Greenberger J S
Department of Radiation Oncology, University of Massachusetts Medical Center, Worcester 01655.
Int J Cell Cloning. 1989 Nov;7(6):343-59. doi: 10.1002/stem.5530070603.
The clinical association of an increased incidence of acute myelogenous leukemia (AML) with previous chemoradiotherapy, the detection of specific karyotypic changes in these secondary (therapy-induced) cases of AML and the discovery of increasing levels of oncogene-specific RNA in leukemia cells suggest that one potential site of action of environmental agents might be the proto-oncogenes in human hematopoietic stem cells. The location of human proto-oncogenes at the sites of chromosome breaks and/or translocations in cells from some patients with leukemia or lymphoma is a striking observation. These data stimulated research into the mechanism of activation of specific oncogenes that change the biology of human hematopoietic cells. Recent investigations have focused upon several areas that might alter cell biology including: 1) translocation and/or inversion of chromosome fragments containing a proto-oncogene to a location where other gene sequences can stimulate oncogene activation, 2) replication of copy number of proto-oncogenes or increased transcriptional activity and 3) point mutation in proto-oncogenes leading to a structurally altered protein. The third area of research has recently received significant attention with respect to the potential role of three ras genes (c-Harvey-ras, c-Kirsten-ras and N-ras) in human leukemias and myelodysplastic syndromes. Recent studies have proposed a model for leukemogenic transformation of human hematopoietic cells by the product of a mutated ras oncogene. Mutations at codons 12, 13 or 61 of the first exon of its 4.7 Kb of DNA (for c-Ha-ras) have been described. Other data revealing an absence of such mutations in the ras genes of many human leukemias and the absence of detectable transcription of ras genes in many alkylating agent-associated cases of AML, suggest that while ras mutations may be involved in some settings, there are probably multiple genetic pathways to leukemogenic transformation of human hematopoietic cells.
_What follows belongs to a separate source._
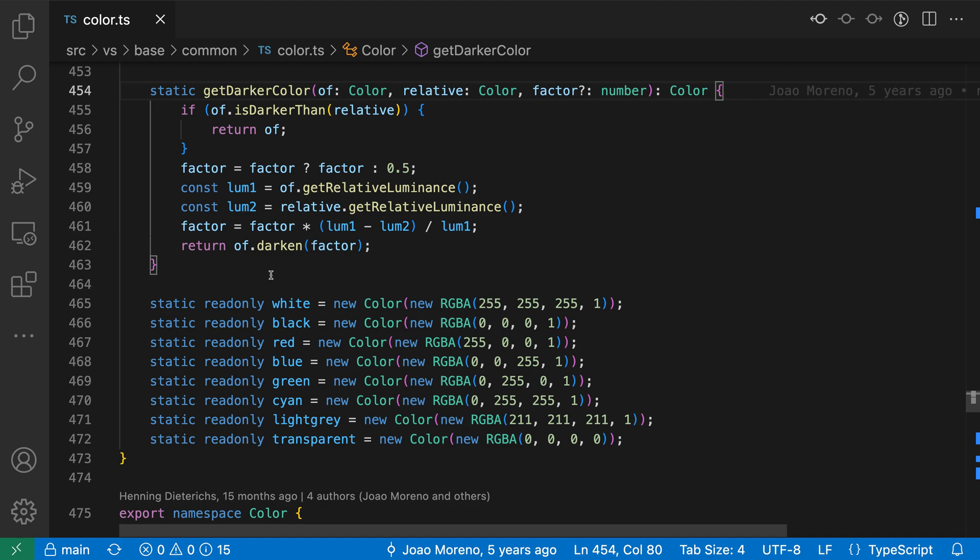Manual folding ranges in VS Code let you fold arbitrary sections of a file. This is useful if you're working with code that does not have smart folding ranges, or if you want to fold something not included in those smart folding ranges.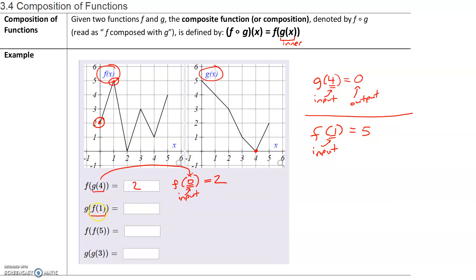So we are going to replace f of 1 with its output, which is 5. So now we have g of 5. The output for f of 1 becomes the input for the g function. For g of 5, I'm going to locate the graph for g of x and go to my x value of 5. The corresponding point has an output of 2. So when x equals 5, y equals 2 for g of x. So g of f of 1 equals 2.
急性髓性白血病(AML)发病率增加与既往放化疗之间的临床关联、在这些继发性(治疗诱导性)AML病例中检测到的特定核型变化以及白血病细胞中癌基因特异性RNA水平的不断升高表明,环境因素的一个潜在作用位点可能是人类造血干细胞中的原癌基因。人类原癌基因位于某些白血病或淋巴瘤患者细胞中染色体断裂和/或易位的位点,这是一个引人注目的观察结果。这些数据激发了对改变人类造血细胞生物学特性的特定癌基因激活机制的研究。最近的研究集中在几个可能改变细胞生物学特性的领域,包括:1)包含原癌基因的染色体片段易位和/或倒位至其他基因序列可刺激癌基因激活的位置;2)原癌基因拷贝数的复制或转录活性增加;3)原癌基因中的点突变导致蛋白质结构改变。关于三种ras基因(c-Harvey-ras、c-Kirsten-ras和N-ras)在人类白血病和骨髓增生异常综合征中的潜在作用,第三个研究领域最近受到了极大关注。最近的研究提出了一个由突变的ras癌基因产物导致人类造血细胞白血病转化的模型。已描述了其4.7 Kb DNA(对于c-Ha-ras)第一外显子密码子12、13或61处的突变。其他数据显示,许多人类白血病的ras基因中不存在此类突变,并且在许多与烷化剂相关的AML病例中未检测到ras基因的转录,这表明虽然ras突变可能在某些情况下起作用,但人类造血细胞白血病转化可能存在多种遗传途径。